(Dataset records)
┌────────

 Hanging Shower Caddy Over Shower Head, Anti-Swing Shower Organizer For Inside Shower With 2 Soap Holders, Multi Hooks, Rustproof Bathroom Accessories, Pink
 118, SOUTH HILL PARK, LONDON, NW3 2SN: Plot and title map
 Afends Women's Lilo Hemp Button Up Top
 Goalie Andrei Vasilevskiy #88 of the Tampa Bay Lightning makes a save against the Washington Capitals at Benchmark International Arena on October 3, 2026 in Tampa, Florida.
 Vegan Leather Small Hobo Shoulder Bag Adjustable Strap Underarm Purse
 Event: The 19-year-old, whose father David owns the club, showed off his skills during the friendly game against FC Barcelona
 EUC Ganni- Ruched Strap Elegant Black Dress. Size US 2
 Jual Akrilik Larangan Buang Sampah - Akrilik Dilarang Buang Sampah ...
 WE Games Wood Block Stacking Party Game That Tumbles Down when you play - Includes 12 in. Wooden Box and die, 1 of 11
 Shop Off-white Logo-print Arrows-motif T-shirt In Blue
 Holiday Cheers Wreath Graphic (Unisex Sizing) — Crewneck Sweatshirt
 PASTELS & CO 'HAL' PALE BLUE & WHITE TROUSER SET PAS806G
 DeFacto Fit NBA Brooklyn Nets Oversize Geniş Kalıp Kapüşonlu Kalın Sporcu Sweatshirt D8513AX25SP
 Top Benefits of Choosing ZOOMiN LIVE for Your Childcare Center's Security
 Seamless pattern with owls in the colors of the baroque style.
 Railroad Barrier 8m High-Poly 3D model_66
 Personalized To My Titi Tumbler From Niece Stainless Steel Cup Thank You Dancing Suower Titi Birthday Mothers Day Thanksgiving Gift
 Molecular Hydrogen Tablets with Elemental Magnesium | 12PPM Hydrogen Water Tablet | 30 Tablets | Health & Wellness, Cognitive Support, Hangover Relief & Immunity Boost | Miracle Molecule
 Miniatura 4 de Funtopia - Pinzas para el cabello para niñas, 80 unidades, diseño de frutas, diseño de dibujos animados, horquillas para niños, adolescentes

└────────

### What you should do
Among the entries above, the lines between the ones containing "DeFacto Fit NBA" and "Railroad Barrier 8m High-Poly 3D model_66", inclusive, are to be transcribed exactly. No other line is to be given.

### Result of the exercise
 DeFacto Fit NBA Brooklyn Nets Oversize Geniş Kalıp Kapüşonlu Kalın Sporcu Sweatshirt D8513AX25SP
 Top Benefits of Choosing ZOOMiN LIVE for Your Childcare Center's Security
 Seamless pattern with owls in the colors of the baroque style.
 Railroad Barrier 8m High-Poly 3D model_66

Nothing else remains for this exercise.